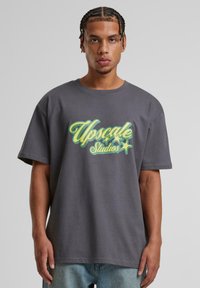 Grå oversized t-shirt lavet af bomuld med "Upscale Studios" grafik i lys gul og grøn, med en afslappet pasform og korte ærmer.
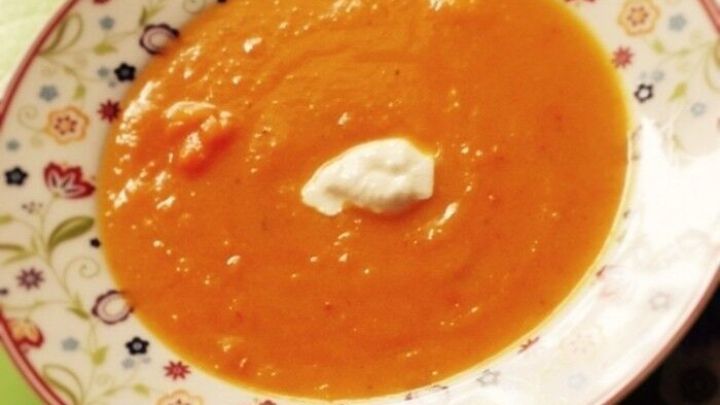 Eine Sch&uuml;ssel K&uuml;rbiscremesuppe mit einem Klecks Sahne steht auf einem bunten Teller auf einem gr&uuml;nen Untergrund.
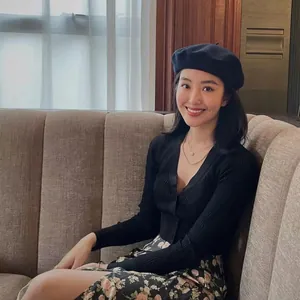 Elegant model wearing a black wool beret paired with a floral skirt in a cozy cafe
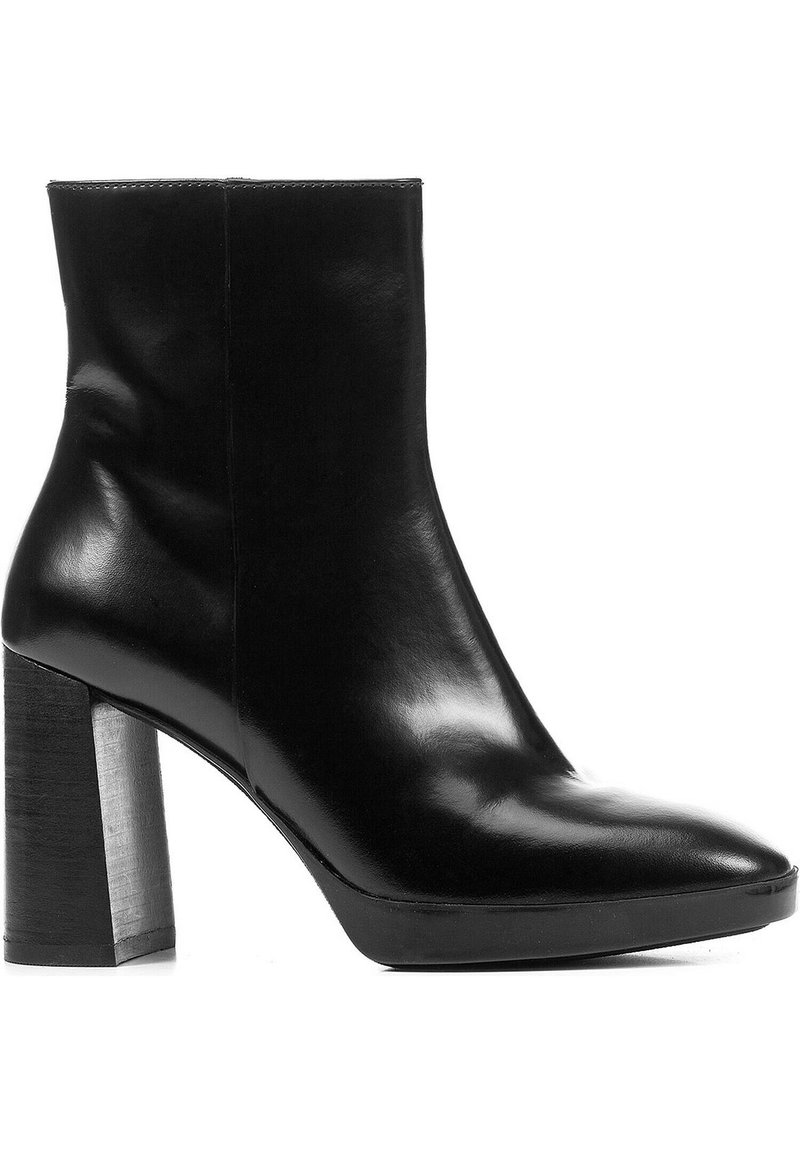 Bottine en cuir noir avec un bout pointu et un large talon block. Présente une texture lisse et des détails de couture minimes.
────────────────────────────────────────
**Problem details**:
Copy the listing character for character, pictures omitted.

**Written response**:
 Grå oversized t-shirt lavet af bomuld med "Upscale Studios" grafik i lys gul og grøn, med en afslappet pasform og korte ærmer.
 Eine Sch&uuml;ssel K&uuml;rbiscremesuppe mit einem Klecks Sahne steht auf einem bunten Teller auf einem gr&uuml;nen Untergrund.
 Elegant model wearing a black wool beret paired with a floral skirt in a cozy cafe
 Bottine en cuir noir avec un bout pointu et un large talon block. Présente une texture lisse et des détails de couture minimes.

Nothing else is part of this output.